0. Introduction
0.1 Why Another Damn Preprocessor?
Because PHP sucks, Python rules, and I
wanted an easy HTML templating system with some of PHP's redeeming
features that can work in seamlessly with the PyWeb framework.
0.1. What Does PyHP Do?
If you've ever programmed in PHP,
you'll already have the general feel.
PyHP allows you to embed python code into HTML files, in a way which
works comfortably with graphical HTML editors like Mozilla Composer.
0.2 Philosophy
I looked at a lot of active web
frameworks, particularly python-based ones. While some of them made
good attempts to separate presentation from logic, they made the HTML
code subordinate to the python code. Or, the markup syntax was plain
ugly (sorry, Spyce people - I just can't get into enclosing all python
lines in double-brackets.
PyHP lets you design your websites visually and top-down.
Typically you'd use your favourite HTML editor (be it Mozilla Composer,
Dreamweaver, Emacs/vi, Notepad, cat, dd,...) and create the visual
appearance of your page.
Then you just stick in markups to add any stuff that can vary - your
dynamic content.
So, the visual design drives the
whole process, and the python code is subordinate. As you create
nice re-usable bits of code, you would ideally factor it out and put it
into a snippets directory, where it can be shared between any number of
pages.
Therefore, you have the freedom to think
with your right brain, and keep a complete grasp of the big picture,
without constantly tripping over the menial i-dotting and t-crossing of
coding issues.
1. Usage
1.1 Quickstart
Let's look at a very minimal
PyHP-powered web page.
As you can see below, Python code is marked up with
<!--python ... --> comment
blocks.
Here we go:
#!/usr/bin/env pyhp
<!DOCTYPE HTML PUBLIC "-//W3C//DTD HTML 4.01 Transitional//EN" "http://www.w3.org/TR/html4/loose.dtd">
<html>
<head>
<title>My first PyHP page</title>
</head>
<body>
<h1>My First PhHP Page</h1>
Below should appear some python output.<br>
<!--python
print '<div style="color:green">Hi from Python!</div>'
-->
And here we are back in regular HTML
</body>
</html>
Ok, let's break it down:
- The #!/usr/bin/env
pyhp line tells your
web server to use PyHP to run this file.
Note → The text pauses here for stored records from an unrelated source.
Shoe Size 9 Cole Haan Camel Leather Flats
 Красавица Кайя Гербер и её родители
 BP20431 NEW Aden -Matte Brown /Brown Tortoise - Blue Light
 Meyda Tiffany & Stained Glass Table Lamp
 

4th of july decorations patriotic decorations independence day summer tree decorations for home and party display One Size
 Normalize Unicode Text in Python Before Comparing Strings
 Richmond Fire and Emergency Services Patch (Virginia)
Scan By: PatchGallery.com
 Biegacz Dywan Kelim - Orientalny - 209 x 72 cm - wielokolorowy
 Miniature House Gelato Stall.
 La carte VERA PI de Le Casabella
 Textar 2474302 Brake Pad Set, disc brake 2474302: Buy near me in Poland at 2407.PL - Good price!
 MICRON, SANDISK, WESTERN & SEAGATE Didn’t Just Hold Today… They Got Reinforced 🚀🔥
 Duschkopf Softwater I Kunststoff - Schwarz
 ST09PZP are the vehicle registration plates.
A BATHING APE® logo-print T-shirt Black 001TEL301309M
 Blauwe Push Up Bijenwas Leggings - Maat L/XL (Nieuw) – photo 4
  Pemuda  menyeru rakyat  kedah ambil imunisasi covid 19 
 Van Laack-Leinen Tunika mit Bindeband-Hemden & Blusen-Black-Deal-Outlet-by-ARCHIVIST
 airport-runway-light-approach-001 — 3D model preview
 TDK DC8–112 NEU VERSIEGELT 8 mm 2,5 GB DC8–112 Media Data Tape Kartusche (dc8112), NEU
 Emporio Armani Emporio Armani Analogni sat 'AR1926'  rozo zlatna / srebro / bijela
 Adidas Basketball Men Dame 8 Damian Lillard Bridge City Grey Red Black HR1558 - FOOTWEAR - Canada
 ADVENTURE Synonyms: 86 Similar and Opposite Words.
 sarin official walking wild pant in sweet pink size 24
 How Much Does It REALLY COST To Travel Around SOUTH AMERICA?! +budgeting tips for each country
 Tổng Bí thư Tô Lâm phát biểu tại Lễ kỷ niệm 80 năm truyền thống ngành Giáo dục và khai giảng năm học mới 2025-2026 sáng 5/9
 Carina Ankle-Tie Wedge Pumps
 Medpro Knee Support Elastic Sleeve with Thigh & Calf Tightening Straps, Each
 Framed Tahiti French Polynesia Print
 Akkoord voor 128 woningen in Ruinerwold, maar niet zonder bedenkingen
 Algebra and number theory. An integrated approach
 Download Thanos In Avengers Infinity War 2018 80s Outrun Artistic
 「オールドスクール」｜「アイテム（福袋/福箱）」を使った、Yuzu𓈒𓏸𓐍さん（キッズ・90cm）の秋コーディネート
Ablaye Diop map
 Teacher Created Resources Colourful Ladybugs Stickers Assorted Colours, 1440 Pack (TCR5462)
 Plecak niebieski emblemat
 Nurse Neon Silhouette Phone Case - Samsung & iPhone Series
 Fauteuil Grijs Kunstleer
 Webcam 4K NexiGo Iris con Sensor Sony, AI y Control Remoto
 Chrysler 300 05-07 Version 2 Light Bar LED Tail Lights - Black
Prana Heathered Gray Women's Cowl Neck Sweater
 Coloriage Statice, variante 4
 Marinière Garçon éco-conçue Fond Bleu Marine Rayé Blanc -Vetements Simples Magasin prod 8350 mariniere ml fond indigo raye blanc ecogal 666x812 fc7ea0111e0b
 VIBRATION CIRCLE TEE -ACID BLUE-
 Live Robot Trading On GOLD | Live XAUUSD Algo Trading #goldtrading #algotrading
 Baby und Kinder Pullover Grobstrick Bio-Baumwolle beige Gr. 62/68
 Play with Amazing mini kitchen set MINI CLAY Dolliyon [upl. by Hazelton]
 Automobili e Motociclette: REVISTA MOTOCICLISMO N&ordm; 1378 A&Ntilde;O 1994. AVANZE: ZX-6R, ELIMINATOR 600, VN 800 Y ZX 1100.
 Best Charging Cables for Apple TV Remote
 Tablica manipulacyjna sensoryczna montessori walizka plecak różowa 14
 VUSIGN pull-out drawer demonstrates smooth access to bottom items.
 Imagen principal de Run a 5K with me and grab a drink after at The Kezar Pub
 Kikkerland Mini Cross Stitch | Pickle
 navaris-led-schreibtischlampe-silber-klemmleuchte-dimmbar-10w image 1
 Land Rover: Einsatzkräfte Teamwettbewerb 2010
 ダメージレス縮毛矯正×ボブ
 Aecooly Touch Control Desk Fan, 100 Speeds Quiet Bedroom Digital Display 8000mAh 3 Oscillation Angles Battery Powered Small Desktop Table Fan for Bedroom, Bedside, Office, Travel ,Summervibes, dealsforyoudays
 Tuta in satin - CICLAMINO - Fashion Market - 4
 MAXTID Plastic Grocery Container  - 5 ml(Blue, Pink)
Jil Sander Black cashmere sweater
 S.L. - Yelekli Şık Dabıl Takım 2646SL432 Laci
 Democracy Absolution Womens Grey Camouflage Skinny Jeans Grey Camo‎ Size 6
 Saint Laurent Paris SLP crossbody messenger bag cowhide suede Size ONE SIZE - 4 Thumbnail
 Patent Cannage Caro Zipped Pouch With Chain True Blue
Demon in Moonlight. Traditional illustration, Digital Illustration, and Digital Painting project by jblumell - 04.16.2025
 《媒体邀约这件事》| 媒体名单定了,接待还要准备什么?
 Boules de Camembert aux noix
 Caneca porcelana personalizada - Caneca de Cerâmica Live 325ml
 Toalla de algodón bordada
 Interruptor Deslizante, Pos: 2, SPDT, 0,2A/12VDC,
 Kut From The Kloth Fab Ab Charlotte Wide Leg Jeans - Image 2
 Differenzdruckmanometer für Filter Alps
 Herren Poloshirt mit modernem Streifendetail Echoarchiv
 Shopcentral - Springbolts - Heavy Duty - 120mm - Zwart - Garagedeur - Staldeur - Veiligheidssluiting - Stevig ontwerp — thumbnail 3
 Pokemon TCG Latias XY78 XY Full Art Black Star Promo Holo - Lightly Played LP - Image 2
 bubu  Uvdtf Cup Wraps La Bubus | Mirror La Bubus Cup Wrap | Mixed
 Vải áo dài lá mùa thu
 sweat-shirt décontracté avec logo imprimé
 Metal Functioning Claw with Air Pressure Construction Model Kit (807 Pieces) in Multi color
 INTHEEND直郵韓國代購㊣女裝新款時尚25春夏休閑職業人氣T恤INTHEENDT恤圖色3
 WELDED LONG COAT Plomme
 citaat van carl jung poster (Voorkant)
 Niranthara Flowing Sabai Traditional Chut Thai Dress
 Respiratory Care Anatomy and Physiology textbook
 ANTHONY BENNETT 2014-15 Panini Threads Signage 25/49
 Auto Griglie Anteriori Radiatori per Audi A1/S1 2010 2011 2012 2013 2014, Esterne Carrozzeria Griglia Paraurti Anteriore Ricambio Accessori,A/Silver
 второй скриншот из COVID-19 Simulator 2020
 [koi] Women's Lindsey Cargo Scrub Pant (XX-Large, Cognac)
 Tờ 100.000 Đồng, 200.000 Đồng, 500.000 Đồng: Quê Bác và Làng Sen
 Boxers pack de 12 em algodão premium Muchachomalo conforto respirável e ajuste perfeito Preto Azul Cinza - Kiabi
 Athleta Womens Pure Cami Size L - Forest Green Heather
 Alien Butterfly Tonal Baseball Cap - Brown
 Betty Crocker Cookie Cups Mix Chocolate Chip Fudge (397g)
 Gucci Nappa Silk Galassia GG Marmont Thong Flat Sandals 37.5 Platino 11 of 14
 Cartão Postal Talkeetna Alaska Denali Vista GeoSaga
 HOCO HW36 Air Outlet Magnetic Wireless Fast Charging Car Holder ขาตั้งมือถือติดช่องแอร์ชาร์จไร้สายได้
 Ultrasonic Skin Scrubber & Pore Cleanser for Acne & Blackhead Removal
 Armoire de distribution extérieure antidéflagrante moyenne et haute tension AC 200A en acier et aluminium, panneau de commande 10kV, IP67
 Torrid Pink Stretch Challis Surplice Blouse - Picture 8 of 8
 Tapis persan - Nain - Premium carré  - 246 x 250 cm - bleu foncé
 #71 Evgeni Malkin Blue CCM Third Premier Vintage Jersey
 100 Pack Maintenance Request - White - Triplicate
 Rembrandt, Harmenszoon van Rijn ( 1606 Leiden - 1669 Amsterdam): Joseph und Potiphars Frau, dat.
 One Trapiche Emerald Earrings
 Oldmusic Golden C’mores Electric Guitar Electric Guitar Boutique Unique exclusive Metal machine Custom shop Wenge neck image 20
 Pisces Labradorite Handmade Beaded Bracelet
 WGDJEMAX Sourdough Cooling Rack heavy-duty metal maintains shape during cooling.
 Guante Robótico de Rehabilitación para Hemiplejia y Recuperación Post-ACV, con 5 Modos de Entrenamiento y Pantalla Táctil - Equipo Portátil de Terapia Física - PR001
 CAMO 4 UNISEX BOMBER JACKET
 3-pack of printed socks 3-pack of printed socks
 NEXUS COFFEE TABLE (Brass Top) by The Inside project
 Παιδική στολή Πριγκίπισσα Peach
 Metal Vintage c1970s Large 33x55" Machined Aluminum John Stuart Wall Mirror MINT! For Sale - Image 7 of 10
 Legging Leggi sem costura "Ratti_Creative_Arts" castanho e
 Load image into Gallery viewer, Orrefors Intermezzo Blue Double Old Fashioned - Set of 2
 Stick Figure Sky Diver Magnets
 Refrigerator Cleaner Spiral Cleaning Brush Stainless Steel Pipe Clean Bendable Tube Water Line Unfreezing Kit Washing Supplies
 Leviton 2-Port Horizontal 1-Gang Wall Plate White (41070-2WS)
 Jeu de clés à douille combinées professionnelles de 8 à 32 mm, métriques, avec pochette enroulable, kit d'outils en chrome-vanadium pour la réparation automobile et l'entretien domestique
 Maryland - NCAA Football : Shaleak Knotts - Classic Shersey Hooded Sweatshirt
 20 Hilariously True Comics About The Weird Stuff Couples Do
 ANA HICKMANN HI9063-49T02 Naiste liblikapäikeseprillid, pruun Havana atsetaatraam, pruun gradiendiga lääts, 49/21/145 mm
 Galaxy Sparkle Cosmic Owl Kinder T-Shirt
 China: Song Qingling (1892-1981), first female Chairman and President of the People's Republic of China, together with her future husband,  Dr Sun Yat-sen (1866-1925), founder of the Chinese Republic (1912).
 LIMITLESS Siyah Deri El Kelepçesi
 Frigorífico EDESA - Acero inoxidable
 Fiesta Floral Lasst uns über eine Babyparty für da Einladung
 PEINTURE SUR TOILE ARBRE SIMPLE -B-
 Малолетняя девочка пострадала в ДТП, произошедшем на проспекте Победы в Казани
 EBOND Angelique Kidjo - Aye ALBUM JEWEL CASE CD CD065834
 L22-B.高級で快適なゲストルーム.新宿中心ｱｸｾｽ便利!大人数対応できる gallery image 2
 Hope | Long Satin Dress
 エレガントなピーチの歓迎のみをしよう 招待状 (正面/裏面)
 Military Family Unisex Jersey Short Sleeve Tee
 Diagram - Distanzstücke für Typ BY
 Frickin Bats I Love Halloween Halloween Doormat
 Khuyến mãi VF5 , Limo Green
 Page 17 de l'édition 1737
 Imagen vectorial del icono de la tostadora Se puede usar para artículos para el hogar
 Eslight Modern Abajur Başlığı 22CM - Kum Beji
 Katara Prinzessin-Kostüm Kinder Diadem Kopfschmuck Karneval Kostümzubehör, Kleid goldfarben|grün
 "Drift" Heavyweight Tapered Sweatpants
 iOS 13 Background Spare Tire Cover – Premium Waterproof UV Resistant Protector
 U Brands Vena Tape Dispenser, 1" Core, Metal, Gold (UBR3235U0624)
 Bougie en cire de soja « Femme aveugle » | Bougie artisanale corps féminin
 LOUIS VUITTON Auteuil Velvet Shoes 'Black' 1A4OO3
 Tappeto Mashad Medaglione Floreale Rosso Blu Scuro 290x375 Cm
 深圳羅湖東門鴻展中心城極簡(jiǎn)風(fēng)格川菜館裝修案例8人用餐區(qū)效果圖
Note that this is only
essential if you are running PhHP directly via CGI.
- The <!--python
and --> are
special HTML comments that tell PyHP to execute what's inside as Python
code.
- the
python code print
'<div style=... should use print
statements to deliver up content which should be delivered.
So, what does this produce? Something like:
My First PhHP Page
Below should appear some python output.
Hi from Python!
And here we are back in regular HTML
1.2 Basic Principles
Firstly, by convention, PyHP files are
named with the suffix
.py.html.
This firstly indicates that it's a PyHP file, and secondly it has
.html as its final suffix, without
which, certain idiot-savant editors like Mozilla Composer will
moronically refuse to open the file for visual editing.
Secondly, PyHP files can either
run
as CGI scripts, or
directly
under webservers which support it. (Presently, I'm using Python base
classes to run my own webserver which runs PyHP and avoids the overhead
of loading Python VMs with every hit. But all going well, I (or someone
else) will write a
mod_pyhp.c
extension for
Apache).
Thirdly, Python code in PyHP files can call an
include() function to load/execute
other PyHP files, and even pass arguments to these included files.
There is no effective limit to such nesting, and there is no Python
startup overhead.
Fourthly, the python code within PyHP scripts
inherits a rich namespace of powerful
objects, classes and variables. These make it intuitive and
convenient to do stuff like:
- read/set cookies
- load/save up to 4k of arbitrary
data from/to the client browser, which is serialised as
SHA1/HMAC-secured (ie, non-user-molestable) cookies
- change the Content-Type
header which gets sent back to the browser. For instance, there's
nothing to stop you from writing code which generates and delivers (on
the fly) a custom tarball, Flash animation, Ogg audio stream, PNG
image...
- read fields which were set by the browser via GET or POST methods
- generate HTML on the fly using the rich suite of pyWeb classes,
using very readable and maintainable code
Needless to say, your Python code can import any standard (or your own)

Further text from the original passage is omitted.